Deneyimli siyasetçi Kâmran İnan kendisine, “Bir emriniz var mı?” dediği için, Prof. Dr. Mehmet Haberal “örgüt yöneticiliği” suçlamasıyla tutuklu olarak yargılanıyor. Dün aynı sözleri “pek sayın bir devlet büyüğü”nün, bir başka “şahsiyet” için kullandığını duyduk: “Bir emri var mı, sorun...” Sorum savcı beylere:

Bu durumda o “şahsiyet” de mi “yönetici oluyor?



Müyesser’le Zonguldak’ta!

Daha önce de yazmıştım; meslektaşım Müyesser Yıldız’ı Odatv soruşturmasında gözaltına alındığı güne kadar tanımıyordum.

Odatv internet sitesinde yayınlanan yazılar nedeniyle, bu sitenin diğer yazarlarıyla ve yöneticileriyle birlikte tutuklandı. Bilgisayarlarına virüslü mesajlarla gönderilen düzmece dosyalar yüzünden aylarca tutuklu kaldılar... Örgüt olmakla suçlandılar!

Sonra bir kış günü Silivri Cezaevi’ndeki Müyesser’den mektup aldım. Koskoca koğuşta tek başına kalıyordu.

“Devlet malı” olduğu için, verilen yemekleri bile yemiyordu. Mahkemede savunma yapmayı reddediyordu...

Mektubunda, “Üşüyorum” diyordu bu genç kadın.

Aynen yayınladım satırlarını; bu sütunların bütün kadın okurları inanılmaz bir yarışa başladı: Müyesser’e kazak, hırka, battaniye, çorap örme yarışıydı bu...

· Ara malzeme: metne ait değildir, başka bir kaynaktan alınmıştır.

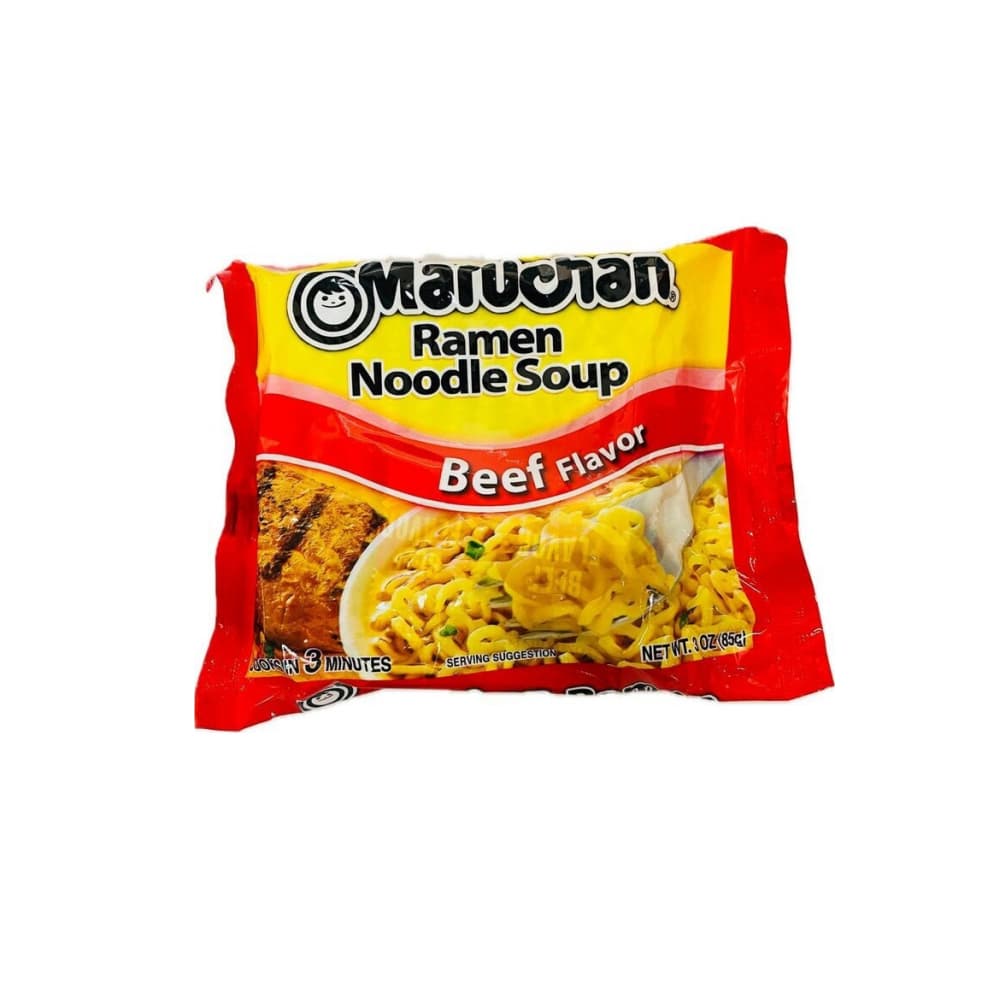 Sopa de fideos sabor a res Maruchan (85 g / 3 oz) - Miniatura 4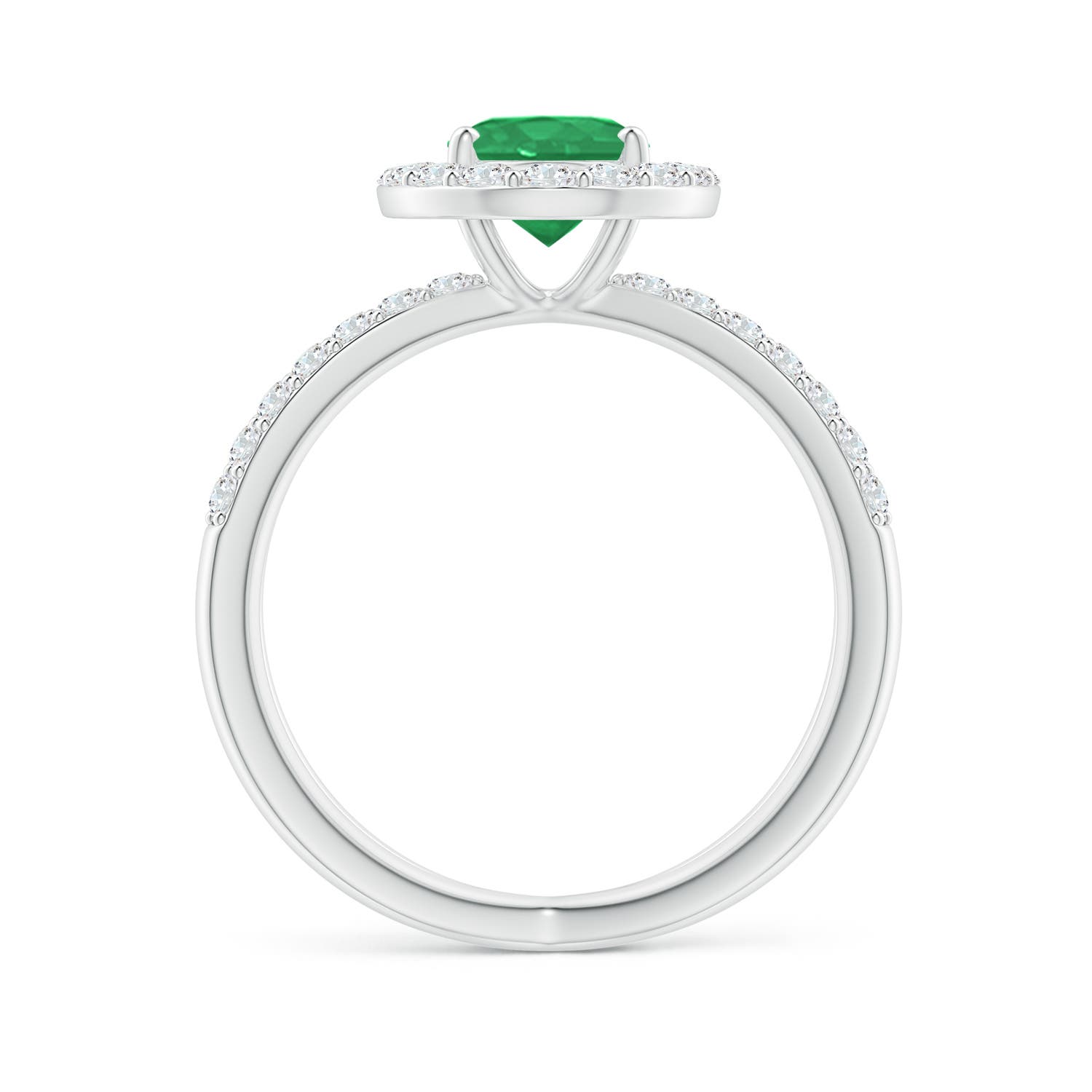 A - Emerald / 2.07 CT / 14 KT White Gold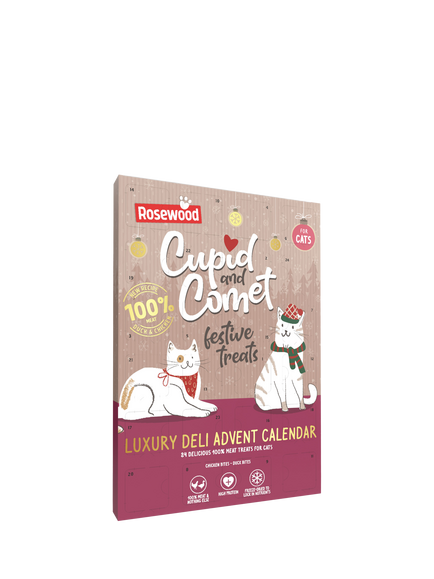 Rosewood Luxury Meat Advent Calendar for Cats, Multi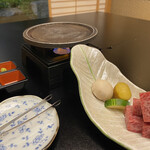 日本の宿 古窯 - どんなに立派なお肉でもこの固形燃料で、素人が焼いたら…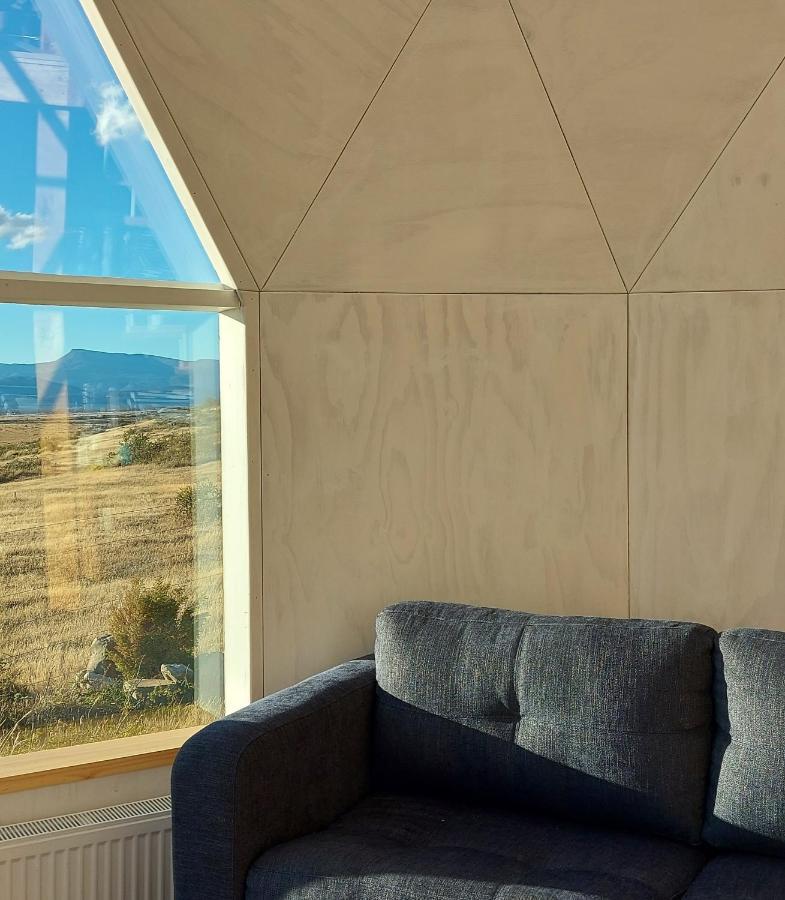 פורטו נטאלס Dome With Stunning Glacier & Mountain Views מראה חיצוני תמונה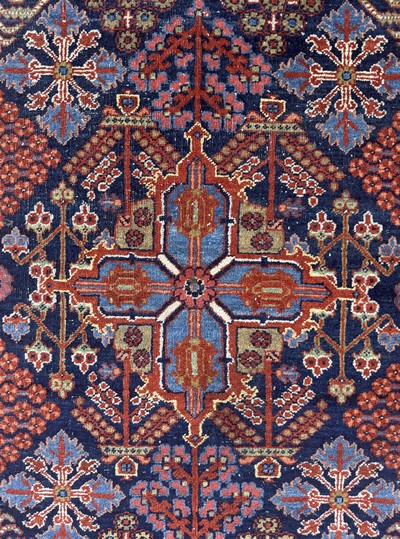 27055003d - Wiss alt, Persien, Mitte 20.Jhd, Wolle auf Baumwolle, ca. 203 x 133 cm, EHZ: 3 ...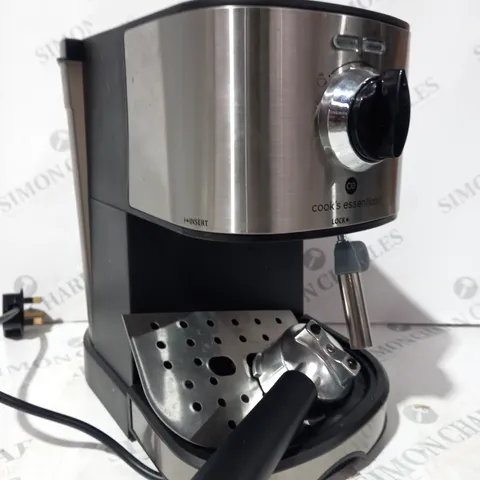 BOXED COOK'S ESSENTIALS PUMP ESPRESSO COFFEE MACHINE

On gün kadar sonra Türkiye’nin dört bir yanından Silivri zulümhanesine kazaklar, battaniyeler, çoraplar yağıyordu...

Yani benim gibi Türkiye de Müyesser’i o mektupla tanıdı ve sevdi.

Hepimiz, onun suçsuz olduğuna gönülden inandık...

Bir yıla yakın bir süre “kaçabileceği” gerekçesiyle tahliye edilmedi.

“Bu gerekçe, bana yapılan en büyük hakarettir. Ben bu ülkeden kovsanız bile gitmem; onu size bırakmam” diyordu.

Bırakın kaçmayı; tahliye edildikten sonra da Silivri’den çıkmaz oldu!

Balyoz’un, Ergenekon’un hiçbir duruşmasını kaçırmayan tek gazeteci hâline geldi. Üstelik Ankara’da yaşadığı hâlde!

İstanbul’daki çok meşhur (!) yazarlar, Silivri’deki mahkemelere bir kez bile gitmezken; o, zamanının çoğunu Silivri’de ve yollarda geçirmeye başladı.

Yarın Müyesser’le birlikte Zonguldak’tayız.

Çağdaş Gazeteciler Derneği (ÇGD) Zonguldak Şubesi tarafından düzenlenen “Milli İrade ve Medya” konulu söyleşiye katılıp, ardından da kitaplarımızı imzalayacağız.

TMMOB Maden Mühendisleri Odası Zonguldak Şube Lokali’nde yarın saat 15.00’te başlayacak söyleşiye Zonguldak’ta ve ilçelerinde yaşayan tüm sevgili dostlarımızı bekliyoruz.